> _Data extracts_:
━━━━━━━━

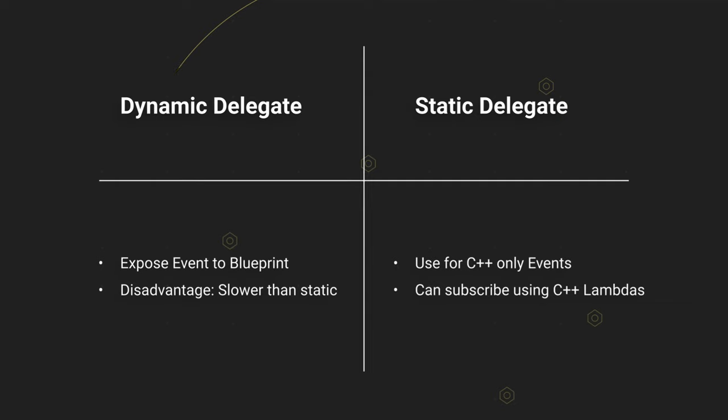The benefit of the dynamic version is clearly that you can use blueprint subscribers, but for the cost of performance.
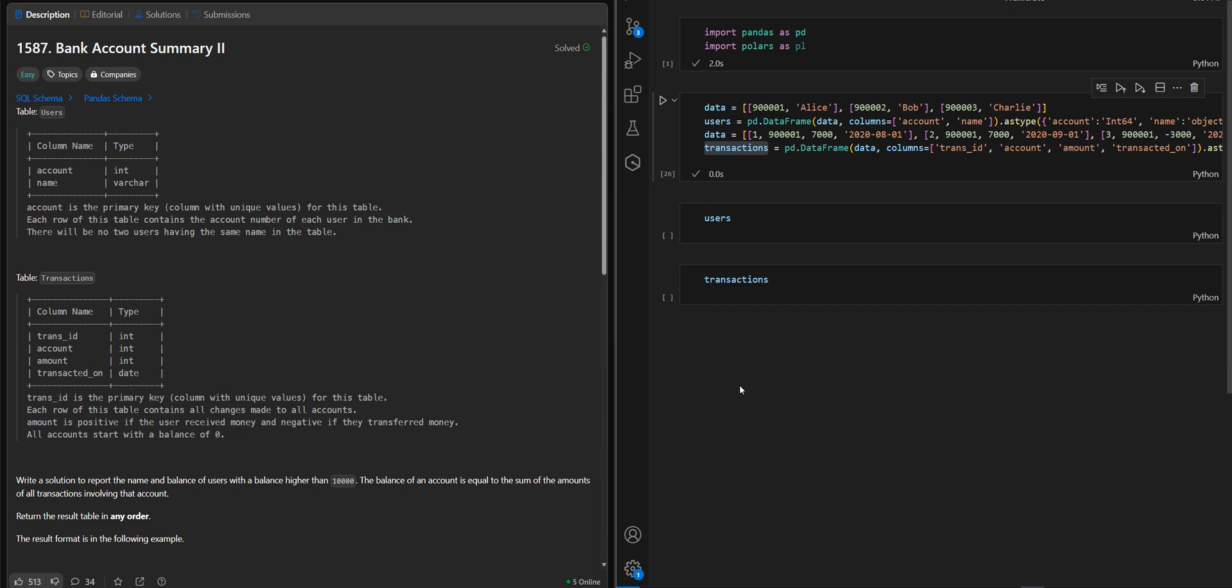Hi everyone! Let's tackle another LeetCode problem using pandas and polars.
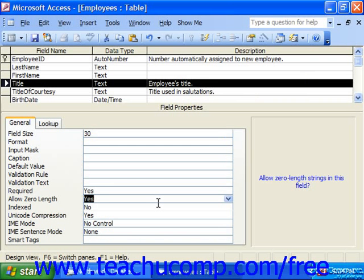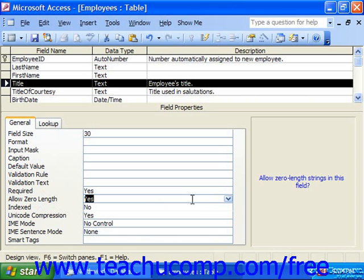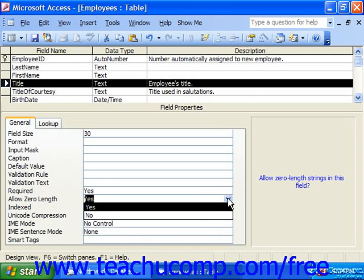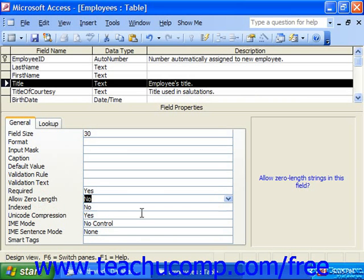You can also set the Allow Zero Length property for a field to either yes or no, to either require data entry in the field to be of a length greater than zero — basically not allowing things like space bar values or the values entered when you hit tab on your keyboard. This is handy for those times when you do want people to have to enter a value into the field, but you also don't want it to be the empty set or invisible characters. In this case, you would change Allow Zero Length to no, disallowing zero length entries in the string.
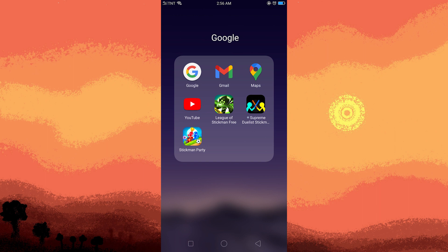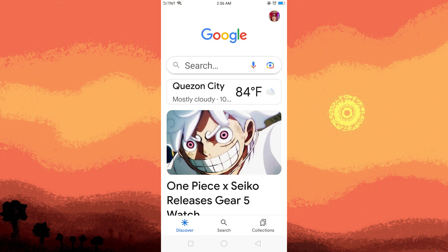Begin by launching Google Assistant by either saying 'Hey Google' or tapping and holding the home button on your Android device.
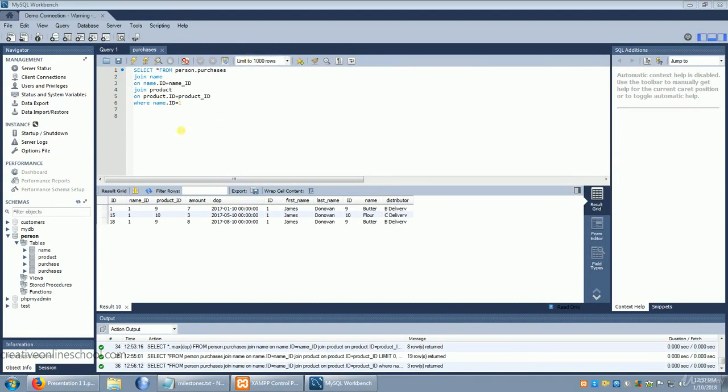And in this case we're doing it where name ID equals one. That's the name for James Donovan. So that we can see all of the purchases that he's made. And he's made three.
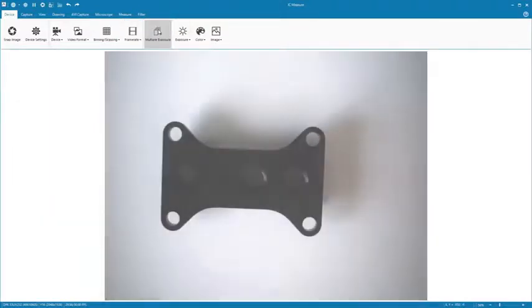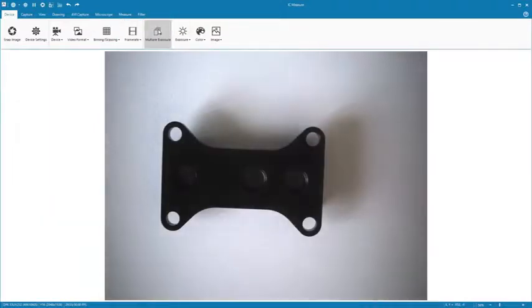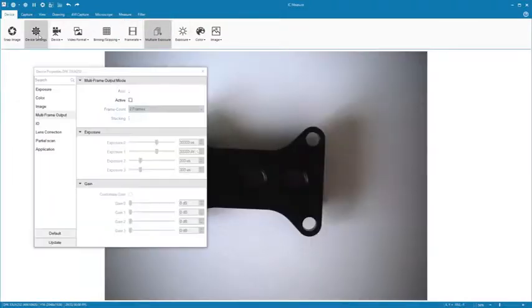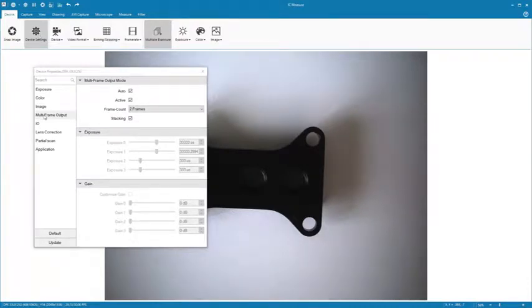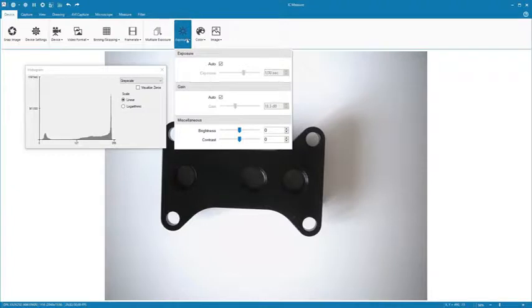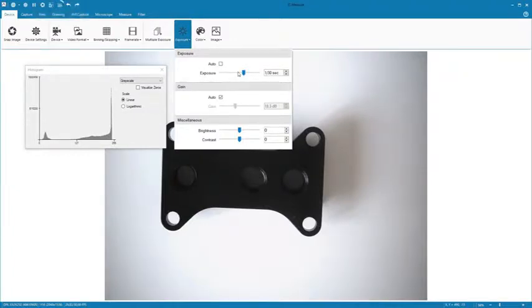By using multiple exposure, you can increase an image's dynamic range and automatically create HDR images. Under Exposure, adjust brightness and contrast. You can also display a histogram for additional visual support.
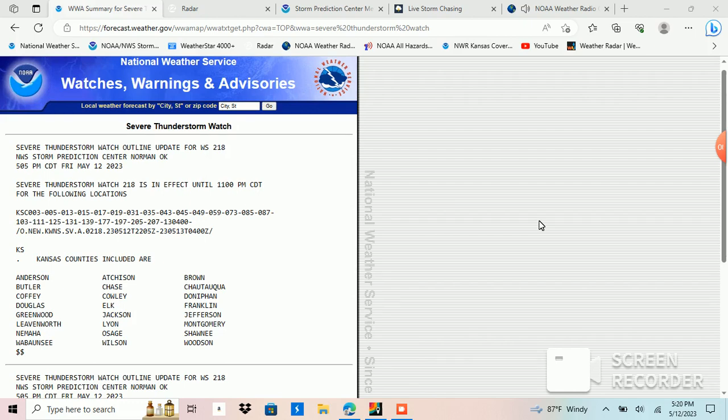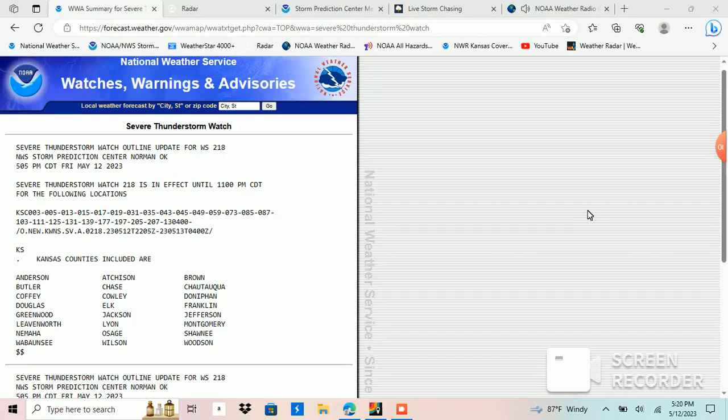The National Weather Service has issued severe thunderstorm watch number 218, effective until 11 p.m. This watch includes the following counties in Kansas: Atchison, Douglas, Jackson, Jefferson, Osage, Shawnee, and Waubonsee.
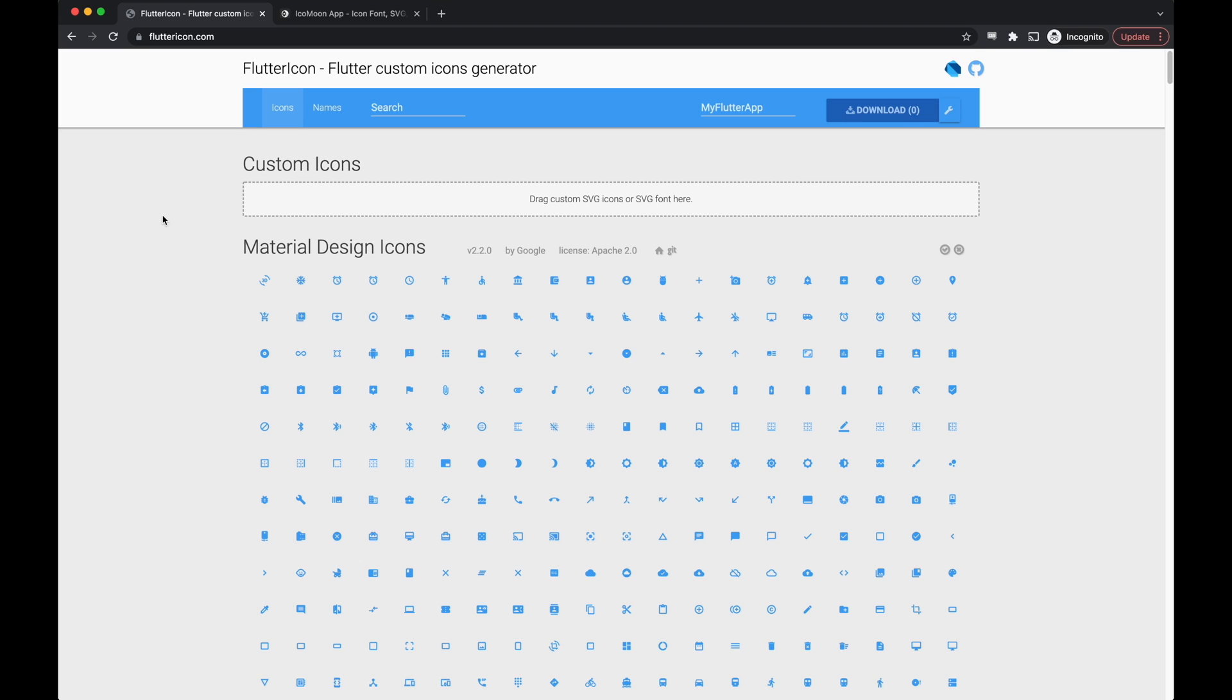Hey folks, today I'm going to show you how to add custom icons to your Flutter Flow apps. Before we get started, I'm going to show you how to generate the icon files that we need to add to Flutter Flow.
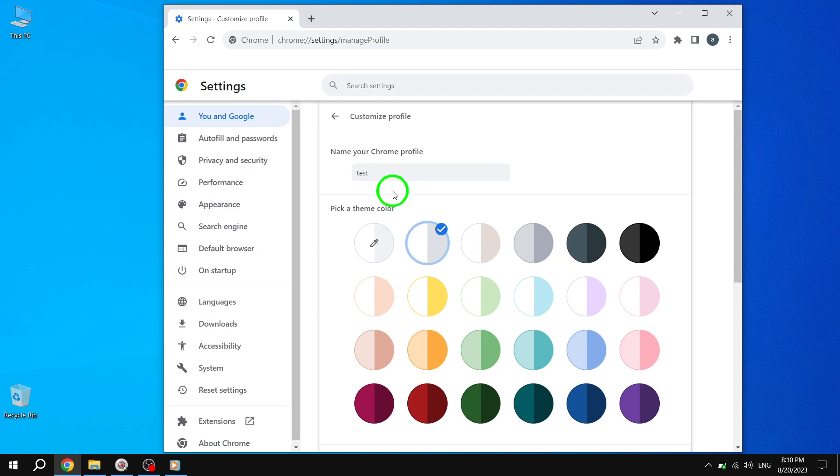Step 7. After you have entered the desired name, simply hit Enter or click outside the text box to save the changes.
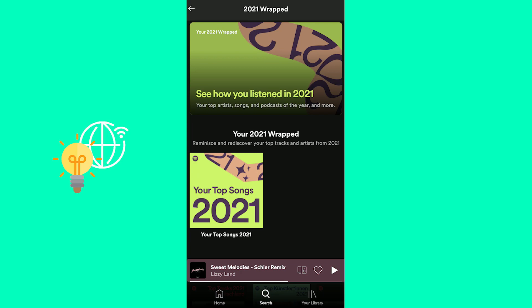I hope these things could help you solve your Spotify Wrapped 2021 error. If it did, please leave a like, comment, and subscribe. Bye!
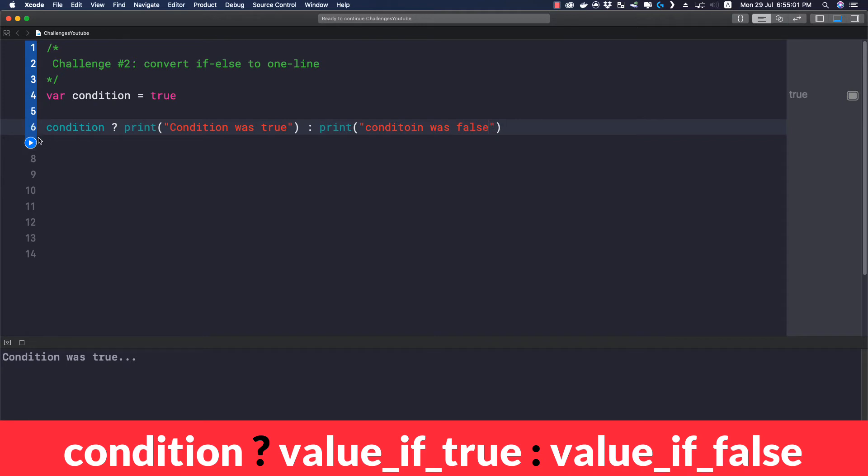Now let me run this. As we can see, it's such an easy statement to write. Using this statement we have converted the if-else statement that is five lines of code into a single line of code.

━━━━━━━━

> _Exercise directions_:
Lines from the one holding "I hope these" to the end of the data, both ends included, are to be given again exactly; no pictures belong in the copy.

> _Problem solution_:
I hope these things could help you solve your Spotify Wrapped 2021 error. If it did, please leave a like, comment, and subscribe. Bye!
Now let me run this. As we can see, it's such an easy statement to write. Using this statement we have converted the if-else statement that is five lines of code into a single line of code.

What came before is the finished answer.